Palace Museum admits human error in damage to thousand-year old antique

A researcher accidently damaged a rare thousand-year old porcelain in the Palace Museum in Beijing's Forbidden City, the museum said in a statement on July 31.

The incident occurred on July 4 while researchers were conducting scientific testing and analysis to the antique, the statement said.

The state's top-level celadon-glazed dish, a masterpiece of the Ge kiln porcelain of the Song Dynasty (960-1279), was squeezed by a testing instrument due to an error in operation by the researcher, according to an investigation conducted by the museum after the accident.

Researchers immediately ceased the testing and reported what had happened to the chiefs of the department and the museum.

The investigative report, which includes the cause of the accident and proposals to improve work and prevent future accidents, will soon be submitted to the Ministry of Culture and the State Administration of Cultural Heritage (SACH). The punishment for those responsible is under discussion, the statement said.

The damage was caused when a researcher input an incorrect order to the instrument which upraised the dish sample to a level too high and squeezed it to pieces, said Miao Jianmin, director with the museum's department for antique's scientific protection.

Miao said the researcher is a female graduate with master's degree who has worked in the lab since 2004. She has received professional training to operate the instrument and made no mistakes in such kind of research before.

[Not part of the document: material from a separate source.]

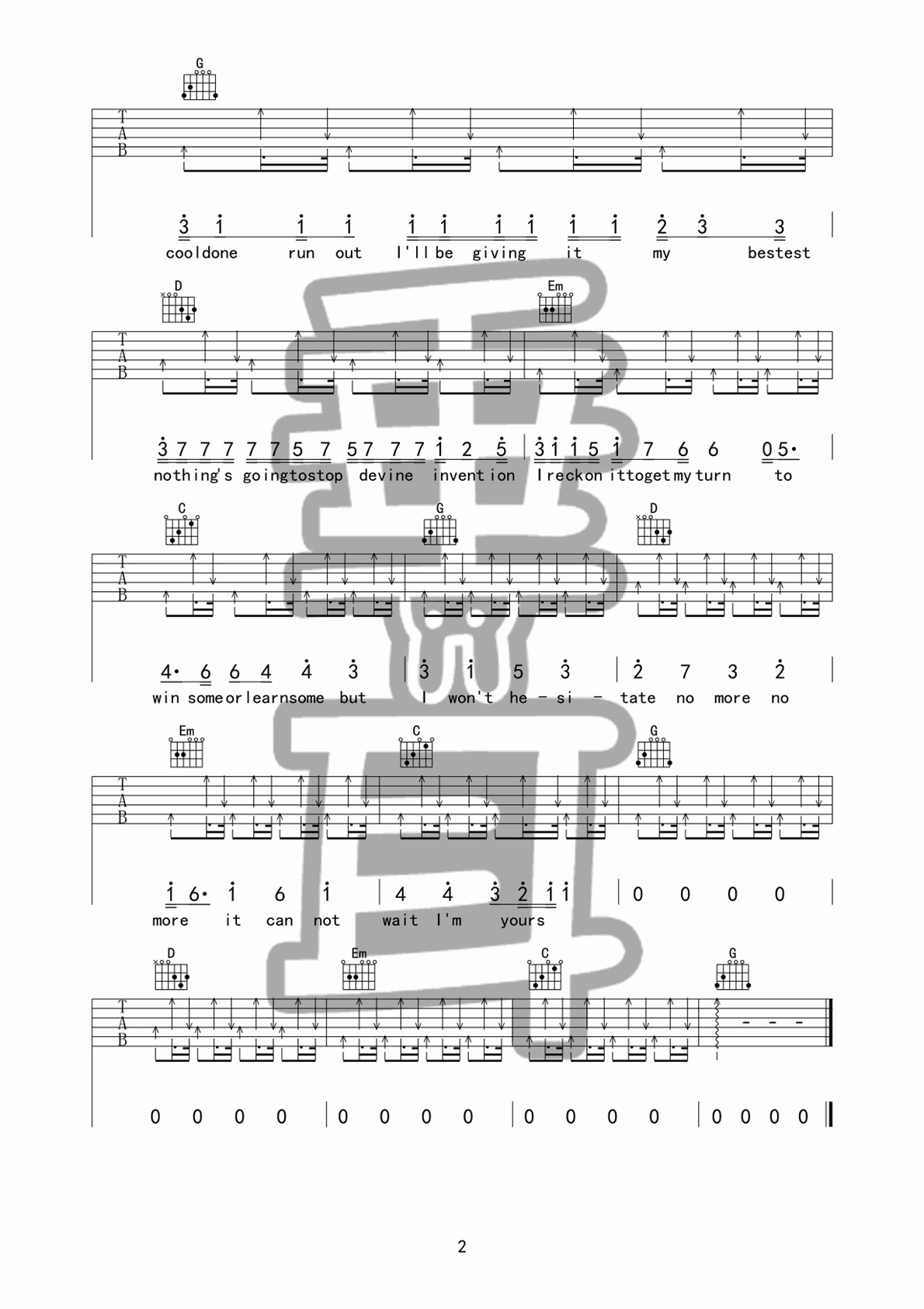 I'm yours吉他谱 Jason Mraz G调垂耳吉他版-C大调音乐网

The damaged porcelain, categorized as China's first-class cultural relic, was squeezed into six parts. But the museum has the ability to restore it, according to Lou Wei, another department director with the museum.

The instrument that squeezed the antique was imported from the United States, which is also bought by seven to eight other research institutes in China, said Miao.

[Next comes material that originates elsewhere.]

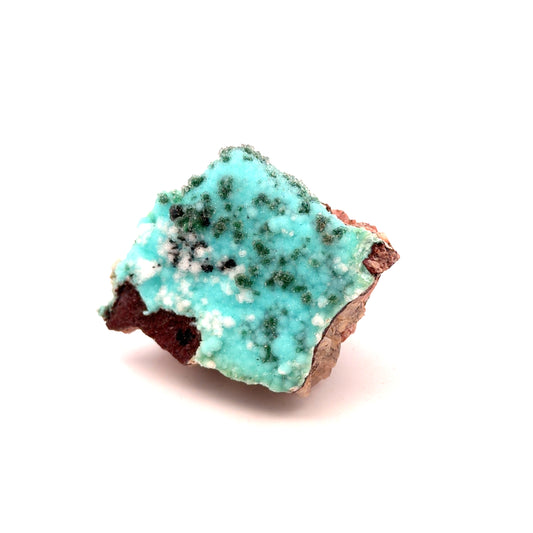 Quartz on Malachite, Chrysocolla ps Malachite ps Gypsum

Through a month-long investigation, the accident was finally concluded to be caused by human error, said Chen Lihua, deputy curator of the Palace Museum.

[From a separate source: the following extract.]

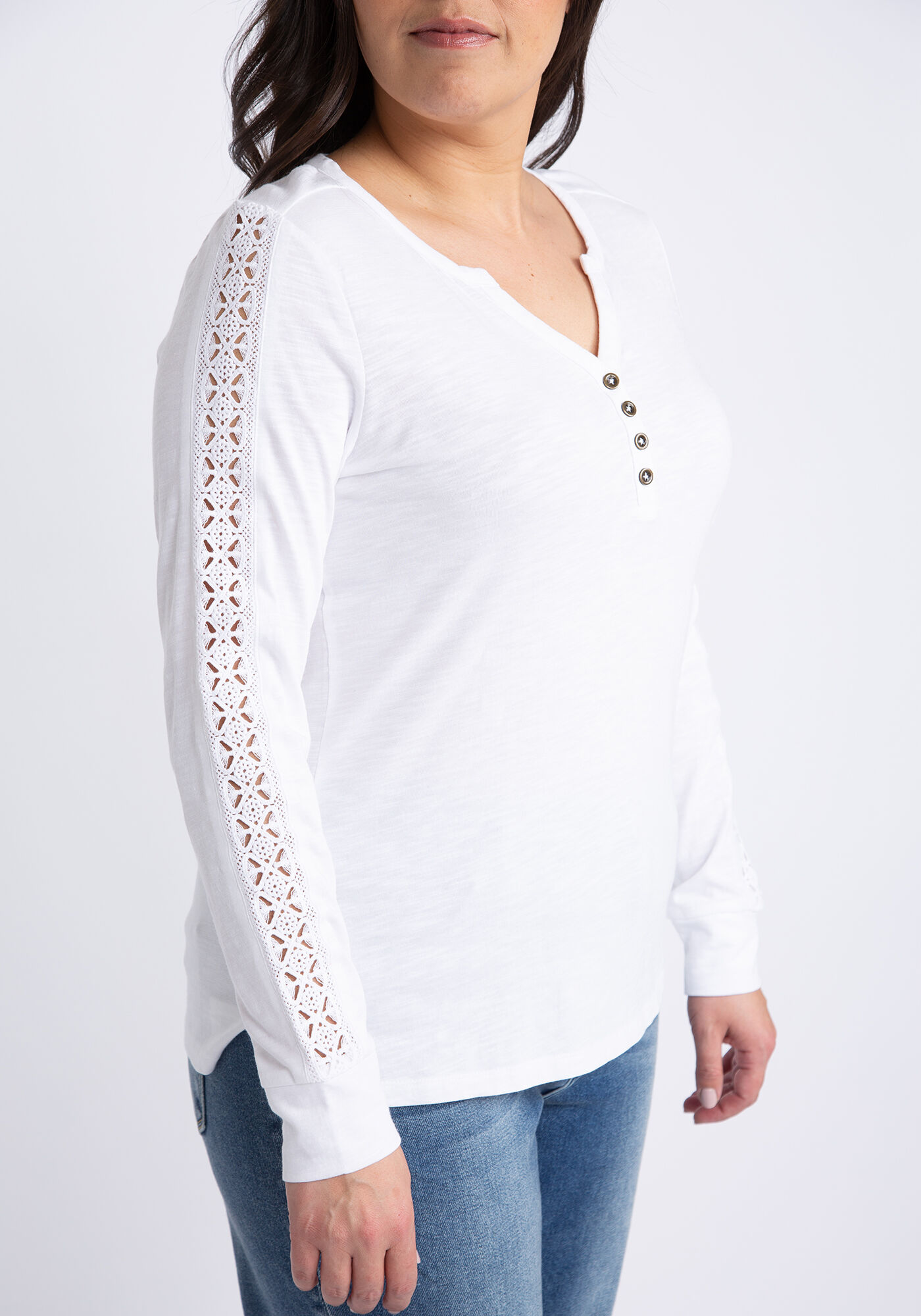 clementine crochet sleeve henley Image 4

A SACH database currently has 48,006 entries of cultural relics with top-level protection, which have been collected from museums across the country.

Existing Ge kiln porcelains are mainly stored in the Palace Museums in Beijing and Taipei. Beijing's museum has 63 pieces. It's believed there are no more than 300 Ge kiln porcelains in existence in the world.

The museum's researchers have introduced high-tech observation and analysis instruments in their research of cultural relics and have already successfully finished testing more than 50 pieces of ceramic relics with the help of the same testing instrument.

Currently, the museum's researchers were told to suspend all testing operations and conduct an overhaul to the instruments due to the accident.

The museum's spokesman Feng Naien said the museum would learn a lot of lessons from the accident but this would not stop its scientific research.